Source: AgriLife Today
Wildfire destruction above ground appears obvious, but what happens underground after a major fire is still somewhat of a mystery, said Texas A&M AgriLife Extension Service range specialist Dr. Morgan Russell.
Russell and Grant Teplicek, U.S. Department of Agriculture (USDA) Natural Resources Conservation Service (NRCS) grazing land specialist, both of San Angelo, are working with Bill Mabe, Head of the River Ranch manager near Christoval, to monitor the after effects of a major wildfire that swept through the area late last summer.
Russell’s aim is to determine if the intense heat and dryness the range experienced will have a detrimental effect on the long term soil structure and its nutrient and organic matter content. In short, she is assessing the health of the soil as it relates to future plant growth.
“On Aug. 14 we had a range fire that was started, from all indications, due to a lightning strike from a small, dry thunderstorm that came through,” Mabe said. “It spread that evening and the local fire departments got it pretty well under control. But on Aug. 15, we had a wind shift and the wind got up and the fire spread. The total on us and the adjoining properties burned was probably somewhere in the neighborhood of about 5,300 acres.”
Since the fire, Mabe has been constantly monitoring its effect on the range. On one such occasion, he discovered a massive centuries-old live oak tree that was still smoldering a month to the day following the fire.
Russell said with such a large, hot fire occurring during some of the hottest weather of the season, a real concern was the below ground effect from the fire and what was going to be available for range plants to thrive in the future.

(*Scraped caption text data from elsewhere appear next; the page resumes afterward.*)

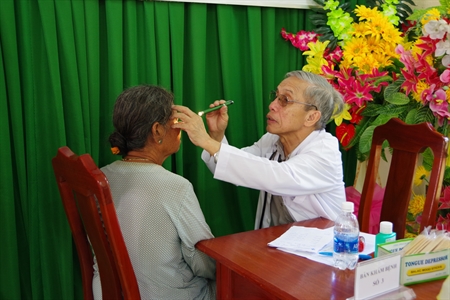 Khám bệnh, cấp thuốc, tặng quà cho gia đình chính sách, hộ nghèo trên huyện đảo Phú Quý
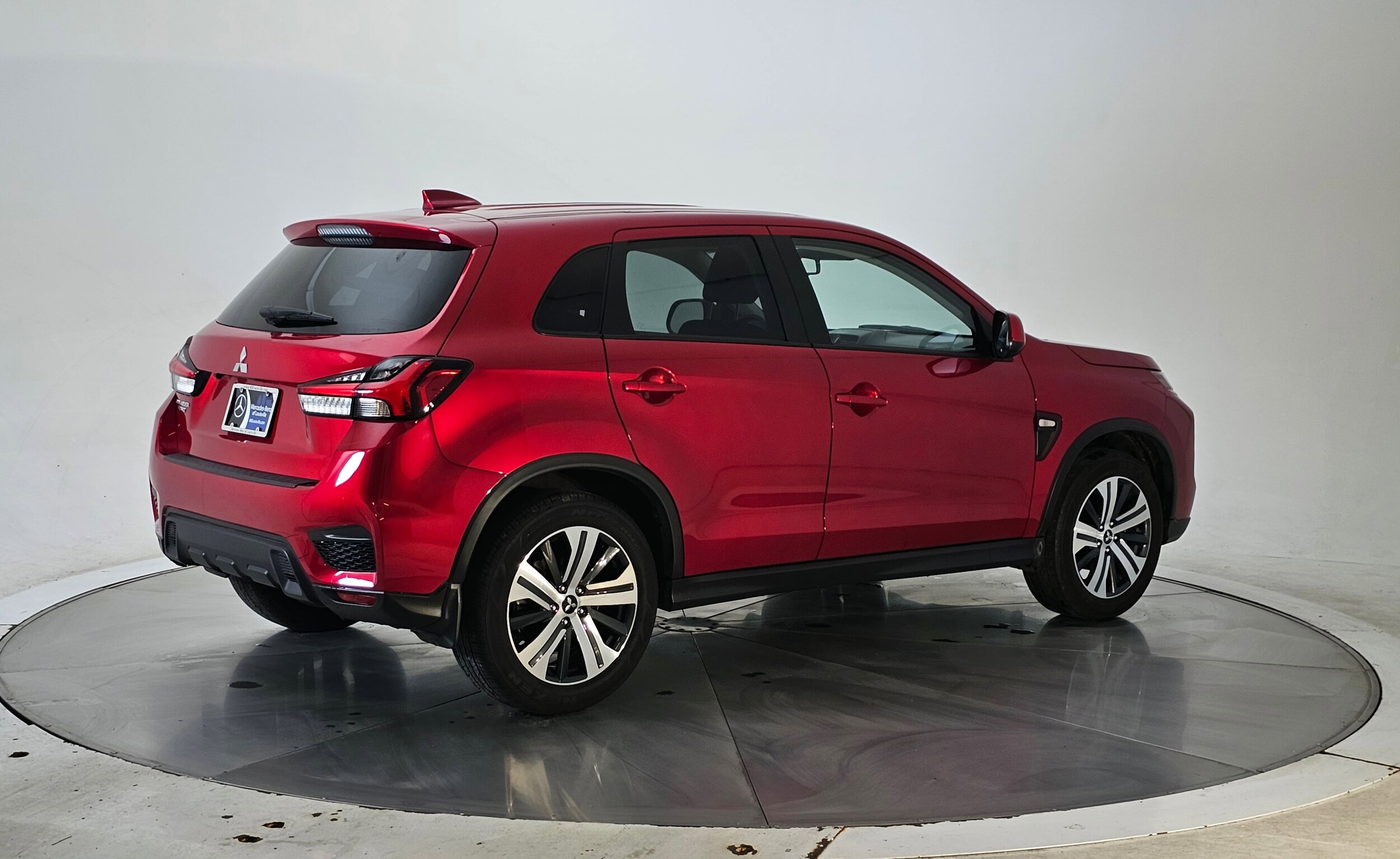 2025 Mitsubishi Outlander Sport S photo 2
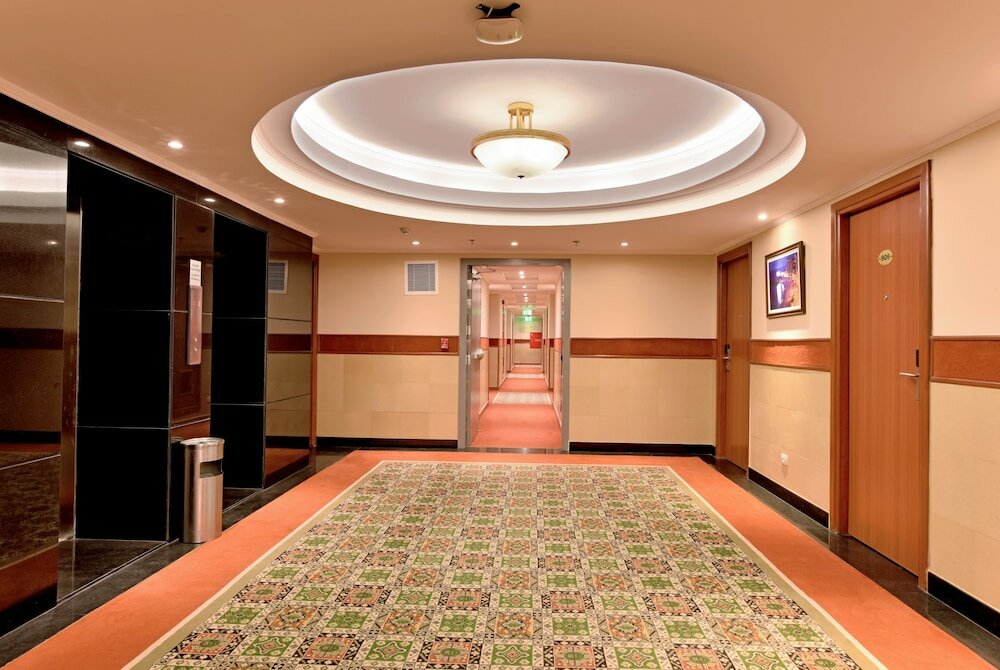 Фото Отель The Grand Plaza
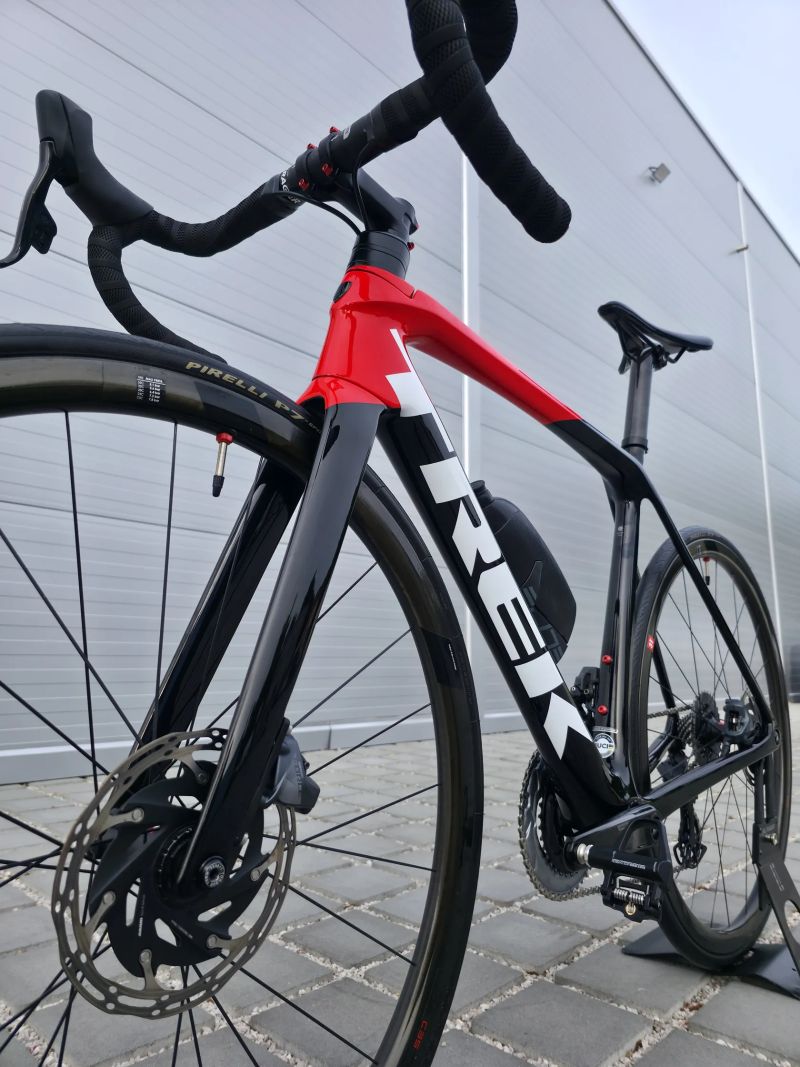 Silniční kolo Trek Émonda SLR7 Carbon AXS eTap 2022 – velikost 54cm (M)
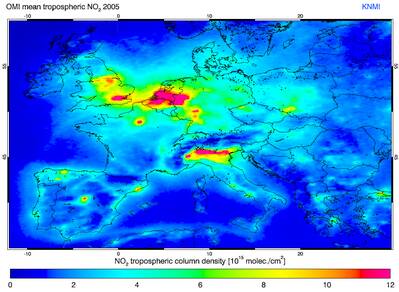 Jaargemiddelde concentratie stikstofdioxide boven Europa in 2005 gemeten door OMI (©KNMI)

“Mr. Mabe and I inserted a number of soil probes to measure all the nutrients that occur after a fire,” she said. “All that carbon from the above ground vegetation is burned and goes back into the soil. We just don’t know exactly what the nutrients are and what rate they are available for plants to uptake. So we put these probes in on a number of sites to measure that.
“The probes were buried in the soil at about a 10 centimeter depth for around eight weeks. They measure a variety of different nutrients, everything from total nitrogen to phosphorous to potassium to calcium. It’s a complete analysis that’s being done in order to analyze and to better estimate what’s going to be produced above ground from the below ground effects from the fire.
“It’s important to know because we don’t have all the answers to fire effects and we’re really trying to tweeze apart what plants respond better to different timing of fires, different seasons of fire and how hot a fire burns. This is all part of a bigger picture of rangeland management where fire has played a role on pastures. We’re trying to isolate those effects to see what the nutrient content of the soil is and better understand what our native rangeland plants have to work with, preferably native perennial grasses,” she said.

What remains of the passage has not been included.